Foi com uma long neck da Strong Golden Ale (cerveja do coração) que assisti o Infamous Glory, nome já conhecido da cena de metal paulista e donos de um death metal de melhor tradição. Rolou até um cover de Darkthrone, um baita de um show. Não lembro a ordem exata, mas em algum momento veio uma apresentação furiosa dos veteranos O Cúmplice e outra incrível do Son Of A Witch. Como fã de stoner, babei assistindo aquele lamaçal passando no palco, com duas guitarras pra reforçar a sujeira.
E daí teve a Herod. Não sei nem explicar em palavras como é um show desses caras. Só sei que eu peguei um lugar do lado da caixa, no canto direito do palco, o que significa que cada batida na bateria eu sentia tremendo nos dentes, uma escolha acertadíssima porque é assim que um show desses deve ser assistido.
Na ordem: Infamous Glory, Son Of A Witch e Herod com Bemônio
Entre os momentos furiosos – em que chegam a soar como o meu tão querido Neurosis – e os mais brandos, é difícil controlar tanta tensão. Falando em tensão, logo na primeira música, “Penumbra”, lá estava Paulo Caetano, o senhor Bemônio, botando uns efeitos pavorosos na música que já é tétrica.
Seria o limite perfeito pro caos naquela noite, mas o próprio Bemônio voltaria ao palco pra cumprir essa missão. Eu não estava mais colada na caixa de som, e de onde eu assisti ao show (ao lado do palco), enxergava mais o baterista, pouco do guitarrista e do Paulo. Via, meio enviesada, que ele mexia em botões, pedais e um microfone, de onde saía um ruído pavoroso, embalado na guitarra e na bateria desesperada (o baterista pulava e chegou a subir na janela entre uma passagem e outra). Um show do Bemônio é um som contínuo, cheio de solavancos e ambiências. No outro dia, a declaração da banda dizia que “nosso intuito é incomodar e gerar desconforto”, o que de minha parte não procede, desculpa: eu só vejo beleza no desespero e no sufoco do som de vocês.

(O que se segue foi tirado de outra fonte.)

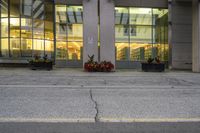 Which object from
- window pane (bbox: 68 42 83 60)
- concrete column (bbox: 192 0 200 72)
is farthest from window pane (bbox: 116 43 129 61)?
concrete column (bbox: 192 0 200 72)

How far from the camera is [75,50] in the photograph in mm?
36312

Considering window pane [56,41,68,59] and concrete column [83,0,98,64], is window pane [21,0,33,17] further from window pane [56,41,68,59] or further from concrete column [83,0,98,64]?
concrete column [83,0,98,64]

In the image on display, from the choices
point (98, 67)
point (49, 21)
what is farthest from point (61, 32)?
point (98, 67)

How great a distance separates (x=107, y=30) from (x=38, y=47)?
7.23 meters

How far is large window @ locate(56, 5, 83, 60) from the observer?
35812 mm

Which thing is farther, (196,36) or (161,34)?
(161,34)

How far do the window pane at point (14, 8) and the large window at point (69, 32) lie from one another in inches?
153

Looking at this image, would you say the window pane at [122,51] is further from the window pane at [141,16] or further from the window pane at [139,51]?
the window pane at [141,16]

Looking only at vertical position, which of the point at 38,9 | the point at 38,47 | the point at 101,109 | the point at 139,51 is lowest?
the point at 101,109

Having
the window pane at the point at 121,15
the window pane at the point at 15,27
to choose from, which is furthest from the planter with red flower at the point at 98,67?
the window pane at the point at 15,27

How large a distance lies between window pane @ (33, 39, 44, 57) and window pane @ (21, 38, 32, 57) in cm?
44

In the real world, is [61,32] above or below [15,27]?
below

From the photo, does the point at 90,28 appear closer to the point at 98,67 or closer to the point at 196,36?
the point at 98,67

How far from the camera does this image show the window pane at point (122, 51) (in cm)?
3644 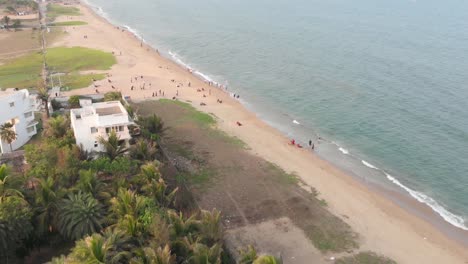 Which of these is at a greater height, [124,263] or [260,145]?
[124,263]

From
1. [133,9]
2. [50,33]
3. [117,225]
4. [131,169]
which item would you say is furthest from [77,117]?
[133,9]

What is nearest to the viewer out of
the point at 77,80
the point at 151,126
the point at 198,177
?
the point at 198,177

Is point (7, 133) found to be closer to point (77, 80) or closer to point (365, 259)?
point (77, 80)

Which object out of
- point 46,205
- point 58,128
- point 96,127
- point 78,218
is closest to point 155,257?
point 78,218

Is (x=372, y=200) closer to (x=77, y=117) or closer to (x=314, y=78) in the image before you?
(x=77, y=117)

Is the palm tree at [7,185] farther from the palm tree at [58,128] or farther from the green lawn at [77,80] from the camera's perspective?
the green lawn at [77,80]

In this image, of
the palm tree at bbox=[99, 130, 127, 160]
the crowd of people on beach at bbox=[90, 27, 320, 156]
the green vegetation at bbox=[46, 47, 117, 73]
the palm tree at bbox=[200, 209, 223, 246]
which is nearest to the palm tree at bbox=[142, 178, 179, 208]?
the palm tree at bbox=[200, 209, 223, 246] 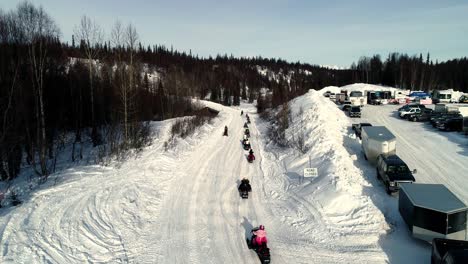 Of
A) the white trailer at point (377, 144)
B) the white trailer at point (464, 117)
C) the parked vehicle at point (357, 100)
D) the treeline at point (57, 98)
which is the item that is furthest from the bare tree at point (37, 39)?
the parked vehicle at point (357, 100)

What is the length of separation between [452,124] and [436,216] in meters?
27.8

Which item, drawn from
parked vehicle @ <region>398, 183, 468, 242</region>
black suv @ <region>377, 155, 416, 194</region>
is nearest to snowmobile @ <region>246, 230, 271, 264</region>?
parked vehicle @ <region>398, 183, 468, 242</region>

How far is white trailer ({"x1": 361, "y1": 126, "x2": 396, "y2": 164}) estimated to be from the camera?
2175 cm

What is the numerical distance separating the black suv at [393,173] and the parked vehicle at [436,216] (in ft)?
14.1

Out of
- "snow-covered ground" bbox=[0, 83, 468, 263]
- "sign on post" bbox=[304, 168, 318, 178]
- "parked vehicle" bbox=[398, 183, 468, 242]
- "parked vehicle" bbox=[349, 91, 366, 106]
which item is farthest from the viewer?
"parked vehicle" bbox=[349, 91, 366, 106]

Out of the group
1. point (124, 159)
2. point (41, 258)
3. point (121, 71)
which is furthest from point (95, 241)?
point (121, 71)

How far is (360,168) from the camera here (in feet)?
72.0

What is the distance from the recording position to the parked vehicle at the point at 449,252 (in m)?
8.48

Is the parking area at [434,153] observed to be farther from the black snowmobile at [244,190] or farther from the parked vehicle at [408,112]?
the black snowmobile at [244,190]

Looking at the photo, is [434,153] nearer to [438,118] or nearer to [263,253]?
[438,118]

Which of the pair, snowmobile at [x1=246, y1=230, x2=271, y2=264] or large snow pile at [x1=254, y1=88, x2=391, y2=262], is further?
large snow pile at [x1=254, y1=88, x2=391, y2=262]

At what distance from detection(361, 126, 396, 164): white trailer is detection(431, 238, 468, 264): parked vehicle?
12394 mm

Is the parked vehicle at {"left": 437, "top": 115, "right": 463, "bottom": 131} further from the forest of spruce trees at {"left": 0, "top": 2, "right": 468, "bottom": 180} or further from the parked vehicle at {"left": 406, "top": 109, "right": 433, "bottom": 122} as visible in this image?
the forest of spruce trees at {"left": 0, "top": 2, "right": 468, "bottom": 180}

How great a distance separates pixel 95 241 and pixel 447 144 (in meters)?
30.2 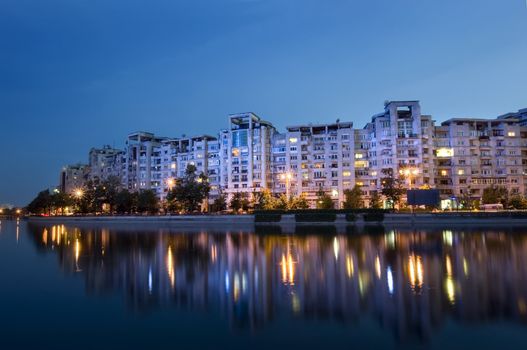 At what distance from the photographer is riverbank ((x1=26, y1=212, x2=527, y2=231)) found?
2675 inches

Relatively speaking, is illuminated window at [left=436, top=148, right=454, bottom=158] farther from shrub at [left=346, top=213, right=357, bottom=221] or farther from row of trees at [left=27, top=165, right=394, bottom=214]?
shrub at [left=346, top=213, right=357, bottom=221]

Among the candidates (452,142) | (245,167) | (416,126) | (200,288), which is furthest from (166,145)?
(200,288)

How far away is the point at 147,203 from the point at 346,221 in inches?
2237

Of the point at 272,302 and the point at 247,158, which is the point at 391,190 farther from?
the point at 272,302

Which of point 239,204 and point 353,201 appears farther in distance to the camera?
point 239,204

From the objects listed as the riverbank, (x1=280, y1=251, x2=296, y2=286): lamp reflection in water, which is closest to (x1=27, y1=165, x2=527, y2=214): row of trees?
the riverbank

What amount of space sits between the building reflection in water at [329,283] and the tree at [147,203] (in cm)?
7435

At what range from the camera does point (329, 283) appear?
20.5 m

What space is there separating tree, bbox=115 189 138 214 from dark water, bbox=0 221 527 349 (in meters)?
81.3

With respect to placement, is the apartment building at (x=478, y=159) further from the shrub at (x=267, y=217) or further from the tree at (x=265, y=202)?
the shrub at (x=267, y=217)

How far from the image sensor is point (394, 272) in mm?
23250

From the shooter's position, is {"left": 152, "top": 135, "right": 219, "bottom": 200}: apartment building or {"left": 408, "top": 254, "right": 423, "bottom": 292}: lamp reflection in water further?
{"left": 152, "top": 135, "right": 219, "bottom": 200}: apartment building

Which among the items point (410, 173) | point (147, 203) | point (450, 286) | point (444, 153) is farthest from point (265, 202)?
point (450, 286)

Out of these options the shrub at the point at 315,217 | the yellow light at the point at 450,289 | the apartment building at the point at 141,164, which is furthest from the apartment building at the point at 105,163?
the yellow light at the point at 450,289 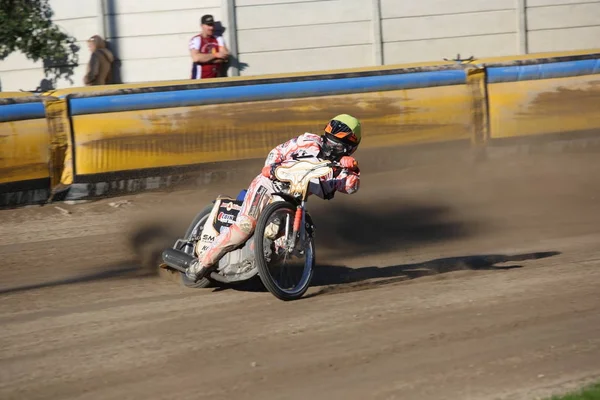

Contudo, optei por encerrar a noite por ali mesmo, e acabei perdendo shows elogiadíssimos, como o Bode Preto. O fest foi madrugada adentro enquanto eu recuperava a sanidade, os músculos e os tímpanos.
Acho que até ano que vem, pra terceira edição já confirmada, acredito que eu consiga me recuperar e por via das dúvidas, quem escolhe o caminho mais torto, pode ir se preparando também.